I am feeling nervous and stressed today. I am trying not to live in my head and this is what I get. I am completely unsuited to living in the real world. I would be excellent as a coma patient. Can you force a coma? Its barely 10:15 AM and I really need a Xanax. Butterflies in my stomach. An unshakeable belief that others in my office are planning my demise. Even though one of the ladies sent a very nice email about me to the rest of the group. I guess I have been jacked at work too many times to take things at face value.

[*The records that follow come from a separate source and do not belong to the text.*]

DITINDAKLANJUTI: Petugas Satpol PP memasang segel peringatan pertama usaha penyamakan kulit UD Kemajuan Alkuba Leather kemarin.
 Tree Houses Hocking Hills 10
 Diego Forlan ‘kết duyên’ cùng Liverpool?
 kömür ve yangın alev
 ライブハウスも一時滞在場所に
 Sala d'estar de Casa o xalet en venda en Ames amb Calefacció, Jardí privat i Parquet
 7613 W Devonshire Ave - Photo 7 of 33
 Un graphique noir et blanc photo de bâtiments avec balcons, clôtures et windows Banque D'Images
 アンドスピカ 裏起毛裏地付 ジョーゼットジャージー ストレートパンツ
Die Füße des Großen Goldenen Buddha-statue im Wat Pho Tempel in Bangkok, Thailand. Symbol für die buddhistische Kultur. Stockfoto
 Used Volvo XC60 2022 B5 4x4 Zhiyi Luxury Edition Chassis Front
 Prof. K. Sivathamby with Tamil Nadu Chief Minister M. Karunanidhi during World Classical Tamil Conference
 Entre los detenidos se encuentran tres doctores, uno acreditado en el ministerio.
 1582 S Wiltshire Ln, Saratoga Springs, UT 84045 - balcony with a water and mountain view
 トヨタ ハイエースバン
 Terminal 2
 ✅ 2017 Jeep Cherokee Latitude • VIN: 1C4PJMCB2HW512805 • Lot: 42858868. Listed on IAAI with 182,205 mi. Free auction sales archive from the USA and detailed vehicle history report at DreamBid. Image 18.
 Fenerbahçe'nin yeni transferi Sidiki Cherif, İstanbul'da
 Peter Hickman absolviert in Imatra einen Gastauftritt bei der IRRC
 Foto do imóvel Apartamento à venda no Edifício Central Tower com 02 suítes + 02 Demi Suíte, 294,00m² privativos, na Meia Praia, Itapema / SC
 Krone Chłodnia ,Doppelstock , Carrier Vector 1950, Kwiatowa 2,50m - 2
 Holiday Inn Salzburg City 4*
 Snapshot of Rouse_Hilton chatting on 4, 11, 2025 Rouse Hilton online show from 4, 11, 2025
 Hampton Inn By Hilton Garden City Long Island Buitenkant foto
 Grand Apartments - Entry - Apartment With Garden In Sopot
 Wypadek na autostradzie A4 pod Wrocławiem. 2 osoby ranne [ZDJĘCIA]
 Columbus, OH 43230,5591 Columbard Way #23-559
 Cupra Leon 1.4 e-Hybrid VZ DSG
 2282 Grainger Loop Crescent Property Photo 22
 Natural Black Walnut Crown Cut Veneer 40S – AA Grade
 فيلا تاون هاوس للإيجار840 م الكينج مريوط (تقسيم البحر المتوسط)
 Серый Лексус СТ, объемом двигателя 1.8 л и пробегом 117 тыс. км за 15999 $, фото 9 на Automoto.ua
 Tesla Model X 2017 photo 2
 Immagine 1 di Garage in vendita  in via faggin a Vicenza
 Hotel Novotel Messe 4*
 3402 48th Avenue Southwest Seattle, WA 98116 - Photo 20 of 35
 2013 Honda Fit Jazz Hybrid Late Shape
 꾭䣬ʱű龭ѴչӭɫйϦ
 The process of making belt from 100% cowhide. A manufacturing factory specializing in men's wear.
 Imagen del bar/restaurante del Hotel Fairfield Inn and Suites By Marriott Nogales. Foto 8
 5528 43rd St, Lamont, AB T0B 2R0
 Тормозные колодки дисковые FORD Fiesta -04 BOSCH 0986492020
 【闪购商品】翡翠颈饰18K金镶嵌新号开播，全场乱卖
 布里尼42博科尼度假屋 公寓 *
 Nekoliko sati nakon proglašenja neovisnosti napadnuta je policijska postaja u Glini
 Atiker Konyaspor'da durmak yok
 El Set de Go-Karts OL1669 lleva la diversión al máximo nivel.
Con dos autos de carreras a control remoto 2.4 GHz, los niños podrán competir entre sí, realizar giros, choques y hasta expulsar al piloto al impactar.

I took this quiz on FaceBook. I got Elven Huntress. OMG its so me! (Jenn's connection with reality is extremely tenuous)

You are a warrior at heart, you are nevertheless wise and compassionate in your dealings with others. You never seek to harm, and your fierce heart is well balanced by your noble spirit. You judge others fairly, but you are always vigilant of the evil motives of the uncaring and the corrupt. From these you protect both the innocent and the ignorant, and those whose trust is misguided. You are strong-willed and others look to you for guidance, finding equal measures of safety and risk, drawing out their own self confidence. Whether by speed or by stealth, you pursue and capture the good things in life that you cherish. You are the Elven Huntress

Friday, October 22, 2010

I am actively trying to want what I have. This is forcing me to make enormous changes in my thinking processes but in the long run (or the next 10 years) it will make me a better person. Now the question is do I really want to be a better person or do I just wish I was a less miserable person. I expend lots of energy being envious of people who have more than me financially. More specifically house wise. My house is always dirty, my furniture is beat up beyond belief, I have no carpet and it generally looks like teenagers decorated my house. I really would like nice furniture and carpeting. Not sure how I would go about getting that though. I don't have any money. I have a house that is falling apart. I could not sell this house without suffering huge losses if I could even sell it.
Lord I am a whiney bitch.
So where to start. Lets start with less clutter. I could start with DVD's. I have tons of them that I never watch. I guess I could sell them. I don't know to who. I could buy a purse or something.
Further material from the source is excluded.